A arquitetura se revelou a Max Bill, aos 17 anos, ao visitar a Exposição Internacional de Artes Decorativas e Industriais Modernas de Paris e se deparar com o Pavillon de l’Esprit Nouveau, de autoria de Le Corbusier e Pierre Jeanneret. Até hoje, esse projeto se impõe como uma célula germinativa, um modelo multiplicável de habitação que deve ter alucinado por sua compacidade e clareza quem quisesse captar o sentido de moradia ao início de nova era. Se então a curiosidade do iniciante se estendesse até a leitura do manifesto Vers une architecture, não haveria retorno. O ponto de inflexão para Bill surge quando o conterrâneo Hannes Meyer, que privilegia em seu fazer o assentamento comunitário, assume a direção da Bauhaus. A partir daí, Bill transfere-se para Dessau, onde frequenta por dois anos os cursos de Josef Albers, Paul Klee e Wassily Kandinsky. Estabelece-se em Zurich, praticando arquitetura, escultura, artes gráficas e pintura. Torna-se membro do CIAM e edita o terceiro volume das Oeuvres Complètes de Le Corbusier (1934-1938). No pós-guerra, participa da fundação da Escola de Design de Ulm.
Com esses parâmetros, compreende-se por que o MASP começa suas exposições monográficas por Le Corbusier e Max Bill, dois pedagogos da arquitetura e da arte moderna, que sucederam às mostras didáticas que inauguraram a instituição paulistana, exemplo insigne do design contemporâneo através de expografia e mobiliário realizados por Lina Bo Bardi e de arte-educação. Curiosamente, os dois eventos não despertaram a unanimidade com que o diretor do museu contava, mais pelo desconhecimento do contexto cultural local do que pela qualidade impecável das exibições. Le Corbusier maculou seu papel de conselheiro na edificação do Ministério de Educação e Saúde Público, no então Distrito Federal, ao reivindicar a autoria do projeto da equipe de Lúcio Costa.
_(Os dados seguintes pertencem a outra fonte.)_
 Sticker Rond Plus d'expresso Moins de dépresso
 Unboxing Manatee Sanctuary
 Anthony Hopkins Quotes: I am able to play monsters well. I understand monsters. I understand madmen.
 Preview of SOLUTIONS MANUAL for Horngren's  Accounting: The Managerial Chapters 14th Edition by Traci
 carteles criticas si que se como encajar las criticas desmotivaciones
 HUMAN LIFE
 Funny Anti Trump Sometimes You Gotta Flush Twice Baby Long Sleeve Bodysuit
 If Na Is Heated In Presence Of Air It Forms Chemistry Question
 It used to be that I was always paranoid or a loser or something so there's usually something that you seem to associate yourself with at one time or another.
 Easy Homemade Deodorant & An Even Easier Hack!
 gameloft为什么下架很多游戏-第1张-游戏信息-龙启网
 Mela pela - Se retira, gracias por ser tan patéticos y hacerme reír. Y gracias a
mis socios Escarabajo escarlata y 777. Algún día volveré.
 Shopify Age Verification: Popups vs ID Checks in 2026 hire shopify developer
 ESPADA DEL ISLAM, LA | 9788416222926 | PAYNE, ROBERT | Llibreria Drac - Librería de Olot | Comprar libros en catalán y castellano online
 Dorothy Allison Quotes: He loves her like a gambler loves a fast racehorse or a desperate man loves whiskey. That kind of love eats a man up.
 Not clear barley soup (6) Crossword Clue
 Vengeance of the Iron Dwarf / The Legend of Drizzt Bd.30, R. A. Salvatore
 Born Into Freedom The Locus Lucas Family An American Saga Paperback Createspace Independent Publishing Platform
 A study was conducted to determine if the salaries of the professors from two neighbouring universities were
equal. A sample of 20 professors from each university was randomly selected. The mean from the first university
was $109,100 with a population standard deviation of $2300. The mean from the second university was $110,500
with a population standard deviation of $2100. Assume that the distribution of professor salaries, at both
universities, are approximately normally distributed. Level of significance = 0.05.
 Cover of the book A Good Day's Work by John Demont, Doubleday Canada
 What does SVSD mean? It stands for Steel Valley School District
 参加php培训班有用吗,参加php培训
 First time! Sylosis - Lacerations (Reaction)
Embora os arquitetos brasileiros reconhecessem a relevância dos pontos determinados pelo eminente precursor, tanto a implantação quanto a resolução dos problemas levantados pela construção pertenciam aos audazes implementadores. A situação só piorou pela publicação do quarto volume das Oeuvres Complètes (1938-1946), quando o mestre esboçou um desenho da obra inaugurada tomando-a como sua. Lúcio Costa manifestou indignação e somente mediante a participação de ambos em colegiados internacionais a querela se esvaneceu. Eis a razão da ausência de Le Corbu na abertura da 1ª Bienal, onde conquista o grande prêmio internacional de arquitetura, e do desinteresse dos cariocas em abrigar a mostra maspiana. Já Bill obteve sucesso entre artistas (além dos já mencionados, Lothar Charoux, Almir Mavignier, Luiz Sacilotto, Ivan Serpa, Geraldo Barros, Amílcar de Castro, Mary Vieira, Ivan Serpa) e críticos como Geraldo Ferraz e Mário Pedrosa. Max Bill visitaria o Brasil em junho de 1953, quando a verve crítica do artista e designer causou algum alvoroço. Esse tópico e os antecedentes foram pesquisados com rara acurácia pelo professor Rodrigo Otávio da Silva Paiva em max bill no brasil.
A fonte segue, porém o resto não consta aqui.